What you should do >>
Only one span is wanted from the lines below: from the one with "WAUM 2017. Workshop" up to and including the one with "Horyzont Apartamenty-Portowa Sunshine". Copy it exactly, without images.

Provided data >>

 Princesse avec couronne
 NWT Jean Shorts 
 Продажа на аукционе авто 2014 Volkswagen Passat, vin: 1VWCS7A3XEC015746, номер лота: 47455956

...

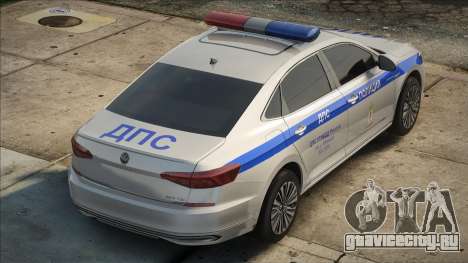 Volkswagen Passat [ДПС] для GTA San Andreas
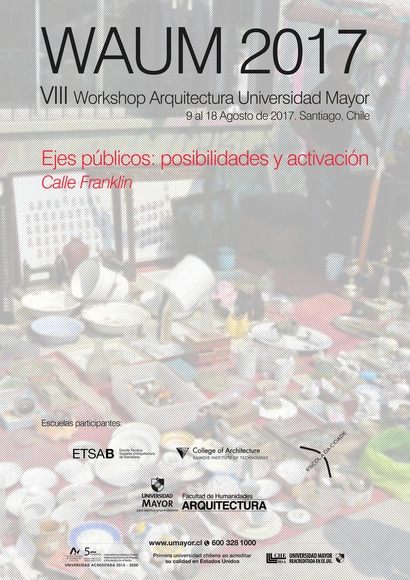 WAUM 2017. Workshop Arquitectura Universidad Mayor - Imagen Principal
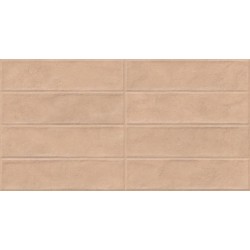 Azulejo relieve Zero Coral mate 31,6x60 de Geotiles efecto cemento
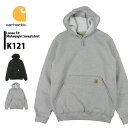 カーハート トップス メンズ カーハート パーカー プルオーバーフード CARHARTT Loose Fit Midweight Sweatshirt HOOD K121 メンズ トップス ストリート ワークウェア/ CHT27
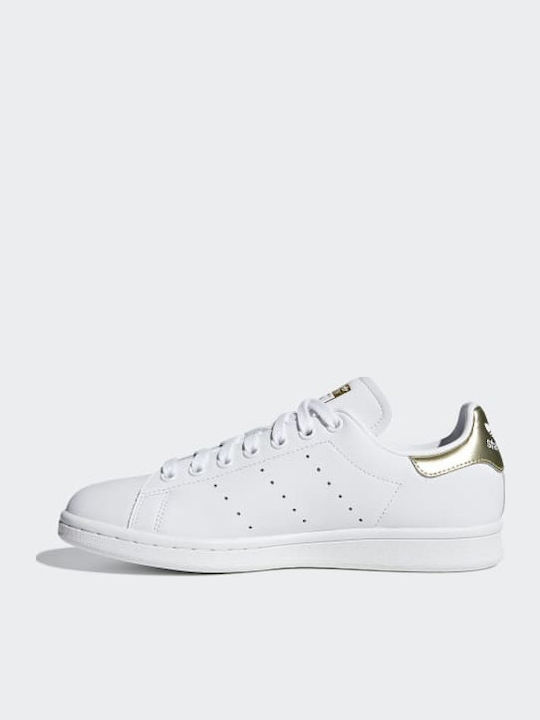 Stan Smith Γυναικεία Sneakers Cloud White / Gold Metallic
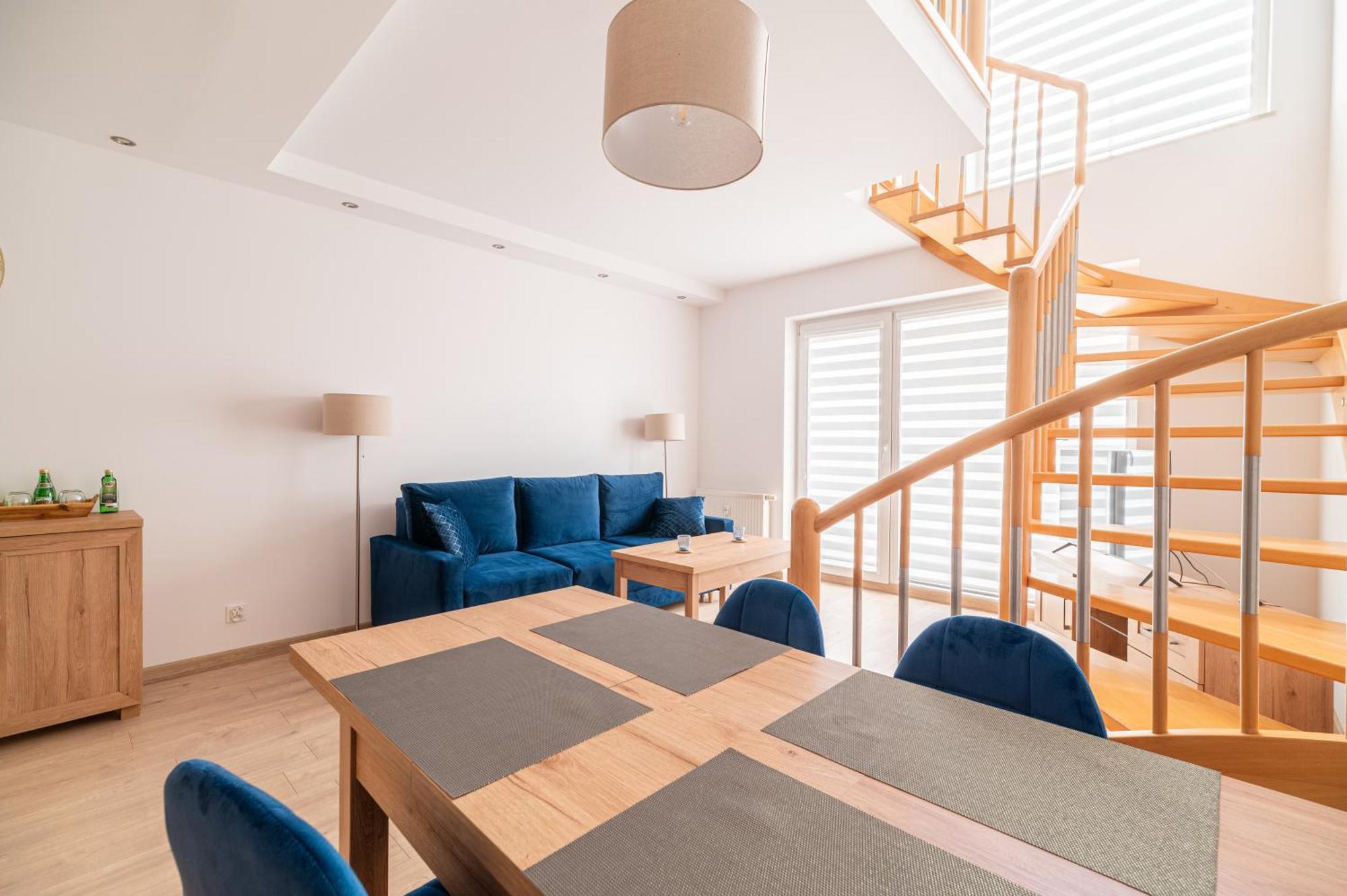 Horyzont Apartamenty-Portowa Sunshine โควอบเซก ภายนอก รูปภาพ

Reply to the task >>
 WAUM 2017. Workshop Arquitectura Universidad Mayor - Imagen Principal
 Azulejo relieve Zero Coral mate 31,6x60 de Geotiles efecto cemento
 カーハート トップス メンズ カーハート パーカー プルオーバーフード CARHARTT Loose Fit Midweight Sweatshirt HOOD K121 メンズ トップス ストリート ワークウェア/ CHT27
 Stan Smith Γυναικεία Sneakers Cloud White / Gold Metallic
 Horyzont Apartamenty-Portowa Sunshine โควอบเซก ภายนอก รูปภาพ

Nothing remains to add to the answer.